WORK ORDER:
For the word "Transplant", count the lines in the records below that include it and give only that number.

(Records excerpted from a collection)
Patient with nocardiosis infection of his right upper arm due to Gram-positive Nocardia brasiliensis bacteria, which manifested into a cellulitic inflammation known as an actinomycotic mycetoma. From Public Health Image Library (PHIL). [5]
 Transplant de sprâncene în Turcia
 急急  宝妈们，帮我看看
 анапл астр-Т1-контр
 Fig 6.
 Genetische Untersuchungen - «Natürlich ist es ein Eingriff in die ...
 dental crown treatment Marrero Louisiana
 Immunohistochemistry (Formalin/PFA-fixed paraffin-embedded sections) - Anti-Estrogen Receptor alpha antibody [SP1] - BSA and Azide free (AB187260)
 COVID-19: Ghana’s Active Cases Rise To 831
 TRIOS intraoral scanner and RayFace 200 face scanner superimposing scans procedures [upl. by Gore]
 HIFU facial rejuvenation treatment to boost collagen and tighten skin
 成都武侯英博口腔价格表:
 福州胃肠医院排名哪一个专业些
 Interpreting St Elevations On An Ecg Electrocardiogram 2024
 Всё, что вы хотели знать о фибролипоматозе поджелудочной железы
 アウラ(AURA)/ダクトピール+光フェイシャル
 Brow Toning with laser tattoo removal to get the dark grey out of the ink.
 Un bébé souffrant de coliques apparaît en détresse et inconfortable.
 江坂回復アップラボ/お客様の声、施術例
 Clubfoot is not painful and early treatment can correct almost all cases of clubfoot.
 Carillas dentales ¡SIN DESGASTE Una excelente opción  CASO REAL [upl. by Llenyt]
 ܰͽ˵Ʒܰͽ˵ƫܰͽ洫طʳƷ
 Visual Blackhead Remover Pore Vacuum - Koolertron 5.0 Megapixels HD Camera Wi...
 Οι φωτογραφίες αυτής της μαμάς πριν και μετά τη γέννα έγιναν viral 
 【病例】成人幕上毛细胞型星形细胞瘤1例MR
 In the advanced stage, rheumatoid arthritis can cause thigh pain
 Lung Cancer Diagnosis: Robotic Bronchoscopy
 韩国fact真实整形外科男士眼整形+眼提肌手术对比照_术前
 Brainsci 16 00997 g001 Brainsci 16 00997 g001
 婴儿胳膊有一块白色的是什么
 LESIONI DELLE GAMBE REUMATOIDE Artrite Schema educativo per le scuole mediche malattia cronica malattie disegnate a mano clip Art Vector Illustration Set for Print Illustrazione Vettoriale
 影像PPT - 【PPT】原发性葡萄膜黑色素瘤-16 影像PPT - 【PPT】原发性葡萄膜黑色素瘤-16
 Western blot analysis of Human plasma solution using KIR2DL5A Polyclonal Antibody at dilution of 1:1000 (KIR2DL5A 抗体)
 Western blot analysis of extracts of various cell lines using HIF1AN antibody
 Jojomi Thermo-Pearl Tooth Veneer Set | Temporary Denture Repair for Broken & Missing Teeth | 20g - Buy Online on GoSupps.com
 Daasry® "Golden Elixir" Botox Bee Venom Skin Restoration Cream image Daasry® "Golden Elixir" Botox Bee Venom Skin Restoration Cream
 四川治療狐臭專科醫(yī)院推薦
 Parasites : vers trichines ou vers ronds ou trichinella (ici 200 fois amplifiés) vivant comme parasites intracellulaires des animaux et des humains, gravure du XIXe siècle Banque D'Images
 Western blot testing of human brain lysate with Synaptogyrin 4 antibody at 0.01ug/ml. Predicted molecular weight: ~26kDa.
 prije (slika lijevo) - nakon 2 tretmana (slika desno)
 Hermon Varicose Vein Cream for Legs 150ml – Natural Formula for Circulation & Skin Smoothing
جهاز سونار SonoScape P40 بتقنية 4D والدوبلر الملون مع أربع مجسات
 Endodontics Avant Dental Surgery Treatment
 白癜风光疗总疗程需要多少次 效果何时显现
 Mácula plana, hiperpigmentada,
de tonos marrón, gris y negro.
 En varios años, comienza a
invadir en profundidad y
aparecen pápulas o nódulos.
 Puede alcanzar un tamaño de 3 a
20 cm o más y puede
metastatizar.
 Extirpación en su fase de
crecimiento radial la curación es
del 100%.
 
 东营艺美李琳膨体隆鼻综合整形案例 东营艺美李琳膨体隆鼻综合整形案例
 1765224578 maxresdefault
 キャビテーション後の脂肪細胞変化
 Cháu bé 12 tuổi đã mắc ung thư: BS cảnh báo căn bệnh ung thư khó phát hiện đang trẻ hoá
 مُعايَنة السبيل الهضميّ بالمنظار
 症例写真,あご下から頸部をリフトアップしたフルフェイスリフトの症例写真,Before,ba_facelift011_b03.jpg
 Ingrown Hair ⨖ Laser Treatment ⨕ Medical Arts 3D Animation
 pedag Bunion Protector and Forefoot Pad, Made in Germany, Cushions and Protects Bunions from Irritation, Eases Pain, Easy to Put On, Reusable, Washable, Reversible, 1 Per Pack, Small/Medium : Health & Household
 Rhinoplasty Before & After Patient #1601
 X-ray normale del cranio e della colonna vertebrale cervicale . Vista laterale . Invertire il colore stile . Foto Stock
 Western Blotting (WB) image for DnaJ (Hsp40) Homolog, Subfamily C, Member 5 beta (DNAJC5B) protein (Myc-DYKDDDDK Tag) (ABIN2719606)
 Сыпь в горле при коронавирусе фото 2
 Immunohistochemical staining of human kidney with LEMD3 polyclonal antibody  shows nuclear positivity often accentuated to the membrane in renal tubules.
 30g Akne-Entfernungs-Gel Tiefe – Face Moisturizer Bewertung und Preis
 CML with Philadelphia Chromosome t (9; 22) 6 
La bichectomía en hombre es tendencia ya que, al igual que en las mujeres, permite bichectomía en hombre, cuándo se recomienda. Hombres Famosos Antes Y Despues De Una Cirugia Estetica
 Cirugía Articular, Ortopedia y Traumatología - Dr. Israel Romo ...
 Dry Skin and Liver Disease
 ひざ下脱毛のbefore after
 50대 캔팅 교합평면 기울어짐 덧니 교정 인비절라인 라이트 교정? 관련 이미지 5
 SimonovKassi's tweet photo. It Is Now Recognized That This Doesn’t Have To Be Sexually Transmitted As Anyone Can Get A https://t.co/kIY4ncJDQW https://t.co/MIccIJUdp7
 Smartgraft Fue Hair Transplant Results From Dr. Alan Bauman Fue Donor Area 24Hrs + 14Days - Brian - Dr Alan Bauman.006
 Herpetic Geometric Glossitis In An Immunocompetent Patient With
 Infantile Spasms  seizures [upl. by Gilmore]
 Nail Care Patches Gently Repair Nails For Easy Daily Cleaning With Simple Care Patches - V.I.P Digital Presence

WRITTEN RESPONSE:
2